Here, the court found that Nebel had failed to comply with the statute
controlling the perfection of a mechanics lien, pursuant to Iowa Code section
572.8 (2013), and thus determined his petition to foreclose the lien failed.
However, it is undisputed the court applied the wrong statute. Nebel filed his
mechanic’s lien in February 2012. In 2012, our legislature made a number of
significant changes to the controlling statutes, but those changes were explicitly
3
stated to take effect on January 1, 2013. See 2012 Iowa Acts ch. 1105 §§ 4, 27.

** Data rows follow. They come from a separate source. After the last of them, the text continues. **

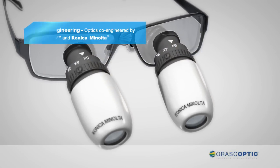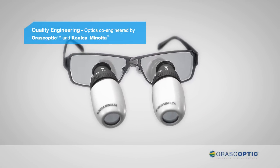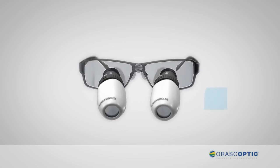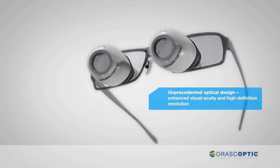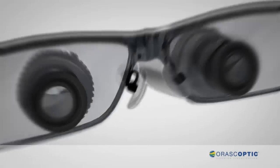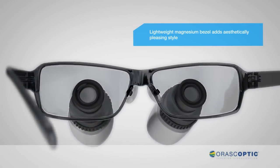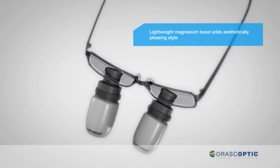The innovative optical design is co-engineered by world-renowned optical pioneers OroScoptic and Konica Minolta. This collaboration of optical experts delivers high-definition resolution and enhanced visual acuity. The lightweight magnesium bezel is designed to reduce weight and help increase comfort while adding a contemporary aesthetic to this medical device.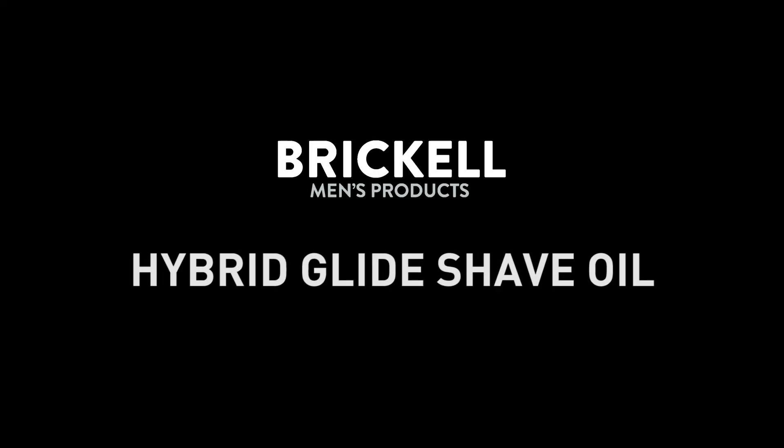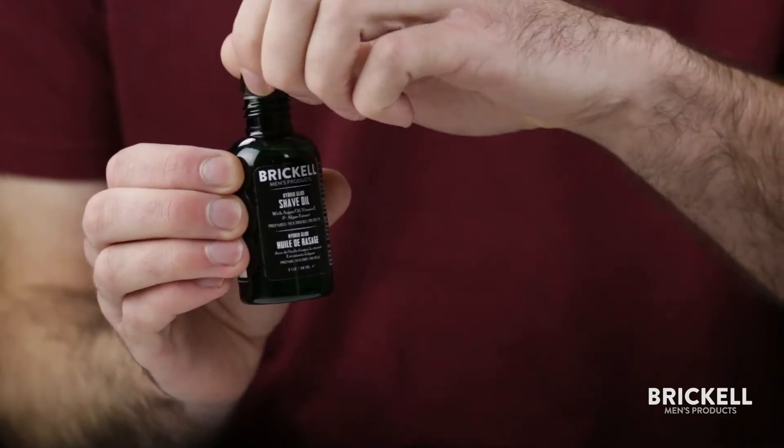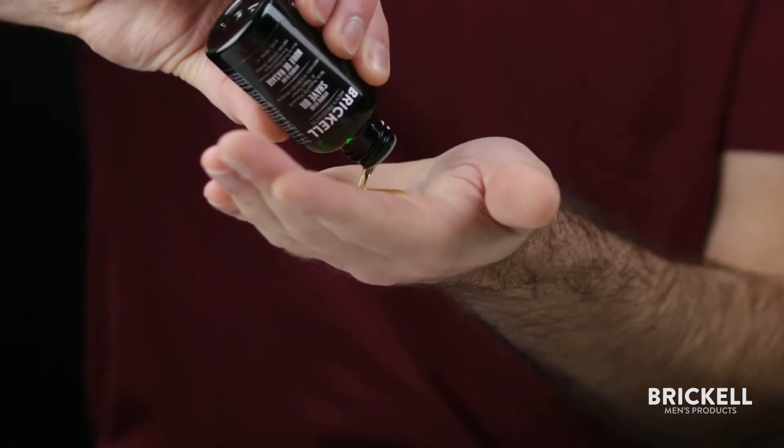Our Hybrid Glide Shave Oil is a multi-purpose shave product meant to be used as either a pre-shave oil or a standalone shave oil. To use the product, dab four to five drops out of the bottle onto your hands, rub your hands together, and apply a thin layer of the product onto your shave area.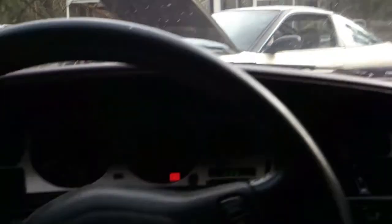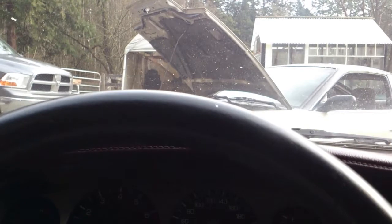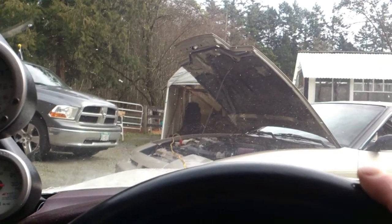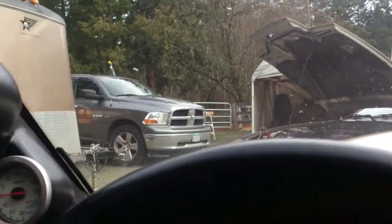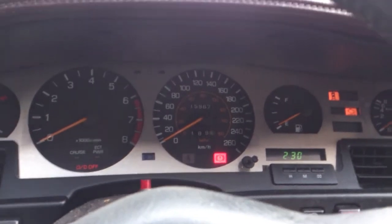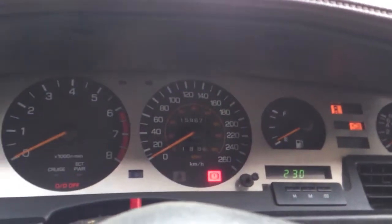Trying to move the Supra here — of course the battery's dead. I'm sitting inside trying to jump it with the 240, which we got stuck trying to pull this out. We're putting a new roof on the carport and it just beat on me — a mess. But we got a buddy helper helping out. Come on, Supra — I know you need a battery, but we're going to try our best this way.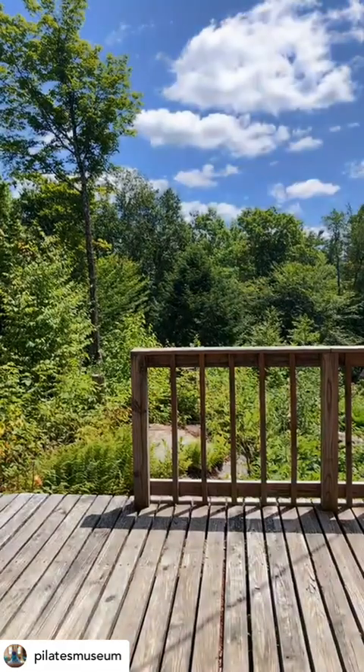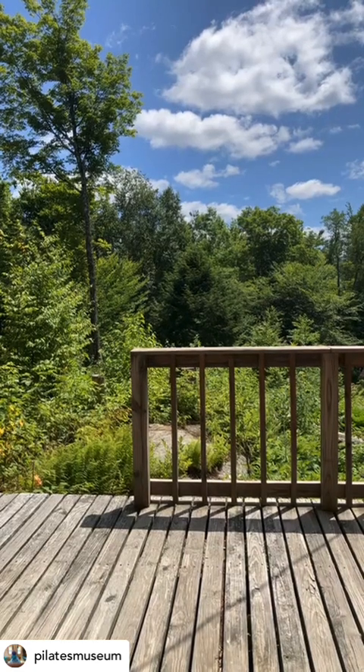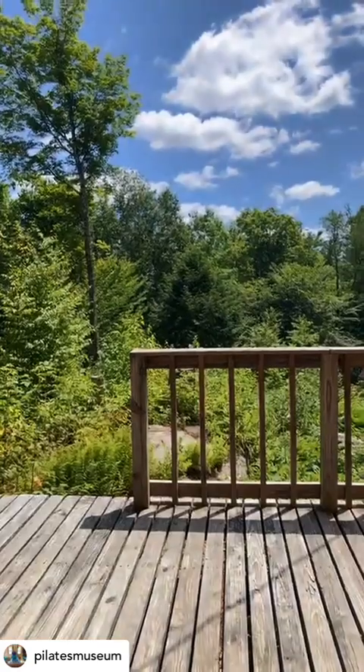So this is the museum. Let me just turn this around for a second — that's what I'm looking at right now, out the door. It's a nice, beautiful, sunny day, very lush and green here in the Berkshires, in Western Massachusetts.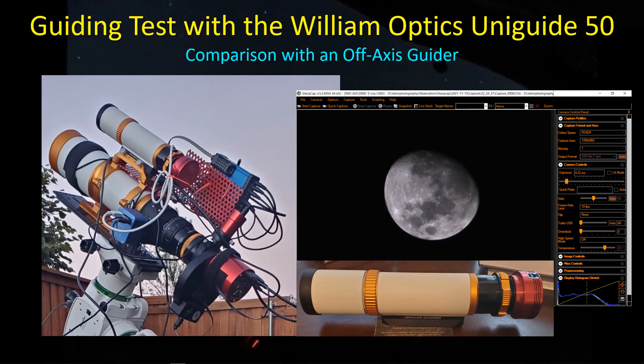Hey guys, welcome back. I finally got a few minutes to do some testing with this UniGuide 50. I talked about this sometime back when I first got it and provided a little bit of an overview on the scope, but I haven't actually gotten around to using it until just lately. I did want to do a test using the UniGuide 50 so I could compare it to the guiding I'm getting with my off-axis guider.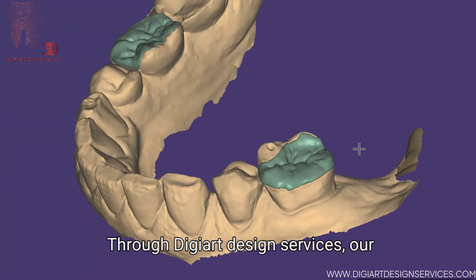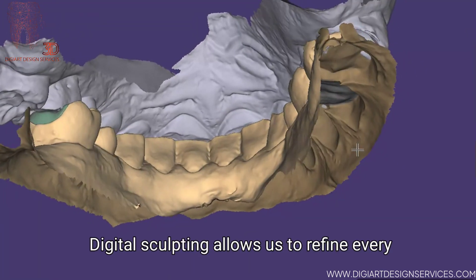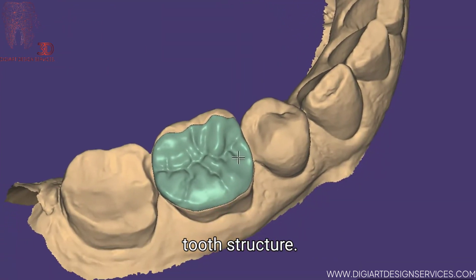Through DigiArt Design Services, our craftsmanship reaches new heights. Digital sculpting allows us to refine every contour, optimising strength while preserving tooth structure.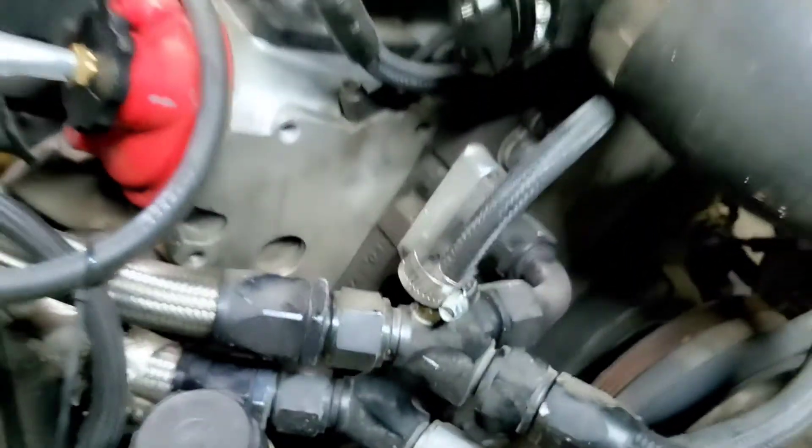Then the hose goes into each side and comes out the top fittings — there's one here and one over there. This is also the steam vent port. These are 243 heads and they only have the steam vent port on the front of the engine; the rear ones are blocked off. That's actually a lucky thing since LS engines typically sit kind of backwards — most of the air pockets are always towards the front of the heads.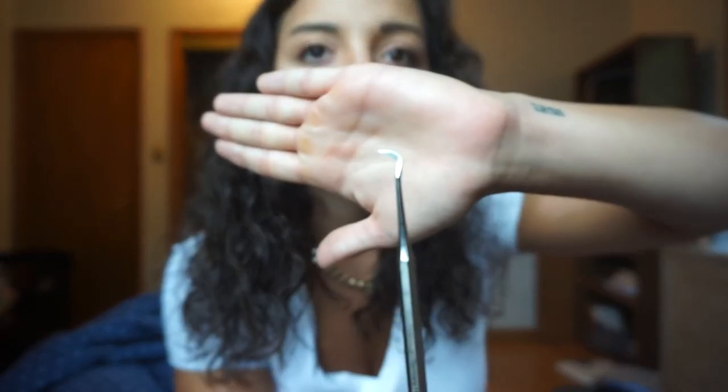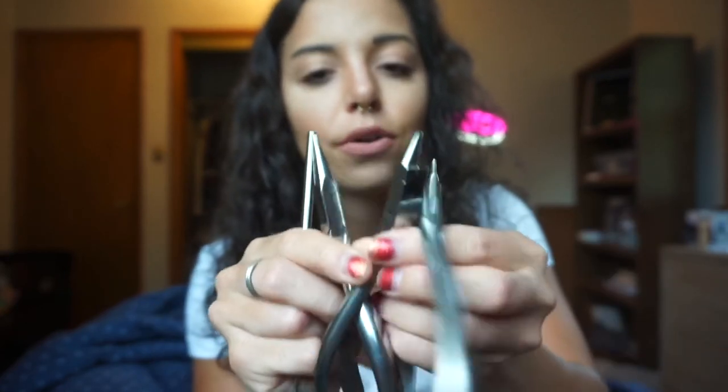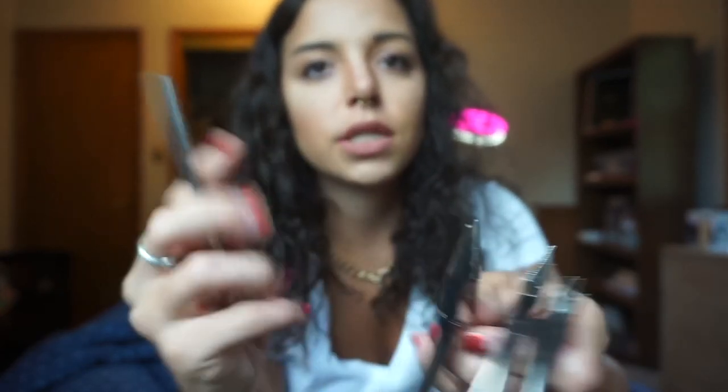The last instrument in the retention setup is a scaler. This comes in the retention setup because when a patient comes in and has a glued-in lower lingual, we take it and push down on it to make sure the lower lingual is not loose. There you have it — all the instruments in the retention setup.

Thus, Iowa Code section 572.8 (2011) controls here. That section provides:
1. A person shall perfect a mechanic’s lien by filing with the
clerk of the district court of the county in which the building, land, or
improvement to be charged with the lien is situated a verified
statement of account of the demand due the person, after allowing
all credits, setting forth.
a. The date which such material was first furnished or labor
first performed, and the date on which the last of the material was
furnished or the last of the labor was performed.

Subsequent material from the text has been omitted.